The two investigations into Advanced Marketing Services' advertising practices produced their first charges last week, with both the Securities and Exchange Commission and the U.S. Attorney's office focusing on the former AMS advertising director for creative services, Marcy Roke. Last Wednesday morning, the SEC filed civil charges against Roke for what it alleges was her participation in schemes to improperly inflate the earnings of AMS. Wednesday afternoon, Roke pleaded guilty to two counts of conspiracy in connection with her participation in a scheme to defraud AMS customers. The criminal charges were brought by the U.S. Attorney for the Southern District of California. Despite Roke's guilty plea in the criminal case, Molly White, a trial counsel with the SEC, said the civil suit will move forward.

Both investigations stemmed from Roke's involvement in schemes that manipulated AMS's advertising policies, although the two probes took slightly different paths. In pleading guilty to the criminal charges, Roke admitted that she conspired with several employees at AMS, including the v-p of advertising and the director of advertising for accounts, in a plan to increase the profitability of the advertising department by inducing publishers to pay for promotions that the company never provided.
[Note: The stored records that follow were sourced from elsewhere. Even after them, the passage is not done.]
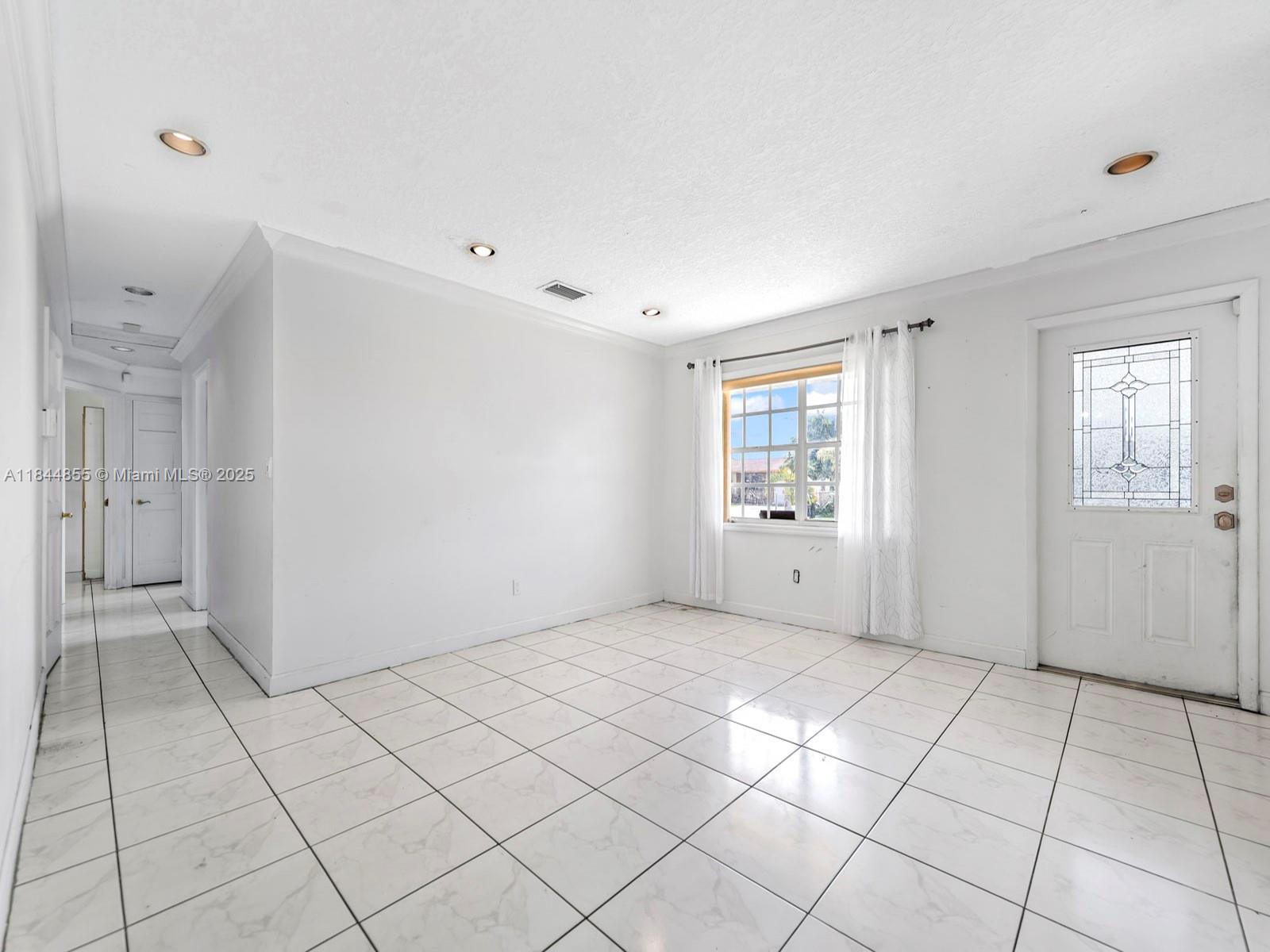 28721 Sw 147th Ct Property Photo 9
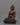 amitabha-buddha-oxidized-figure
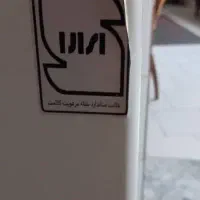یخچال فریزر سونیا RF470|یخچال و فریزر|کرج, برغان|دیوار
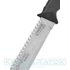 camillus-carnivore-inject-machete-cam-19818-7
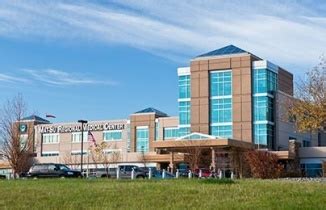 Mat-Su Regional Medical Center Imaging and Radiology in Palmer, AK: Pre ...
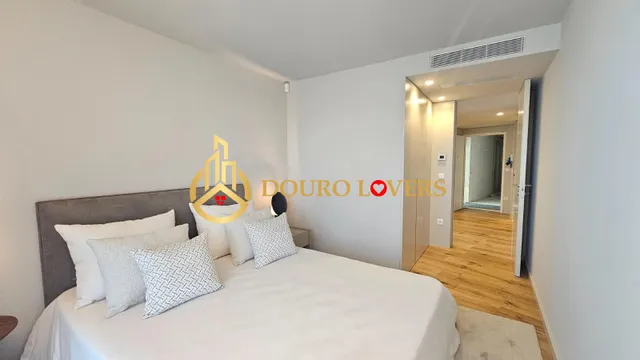 Dúplex 2 habitaciones 113m² en venta - Campanhã — 29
In one instance, Roke admitted that the number of postcards AMS employees told publishers that they mailed to accounts was inflated. Similarly, Roke admitted that the circulation figures of magazines that publishers advertised in were also inflated.

It is not clear how much money publishers lost because of the fraud, but according to Roke's plea agreement, eight publishers lost $6.8 million, a figure that doesn't include amounts from the more than 100 publishers AMS was reportedly negotiating with. Random House had the largest losses, at $2.6 million, followed by Penguin and S&S, which each lost about $1 million.

The SEC charges also dealt with ways in which Roke allegedly cheated publishers and misled retailers. According to the charges, Roke told AMS sales and advertising personnel that instead of contacting retailers about credit due them for providing certain advertising and promotional services, they should hide the discrepancies from the accounts, a move that decreased AMS's advertising expenses.

According to the SEC, Roke helped to overstate AMS's pretax earnings by 9% in fiscal 2001, 10% in fiscal 2002 and 19% in fiscal 2003. And although the SEC complaint said Roke was motivated by personal gain—she earned more than $200,000 in bonuses and stock sales—her plea agreement suggests that corporate pressures played a role. "Because of the advertising departments importance in generating net income for AMS, top management at AMS placed pressure on the vice president and her staff to meet budget targets each fiscal quarter," the plea said. As budget targets became more difficult to hit, the plea continues, Roke "and others in the advertising department sought out ways to increase the profitability of advertising vehicles sold by AMS." According to terms of her plea agreement, Roke has agreed to cooperate with the U.S. Attorney's continuing investigations. A representative with the SEC also said that its investigation is continuing.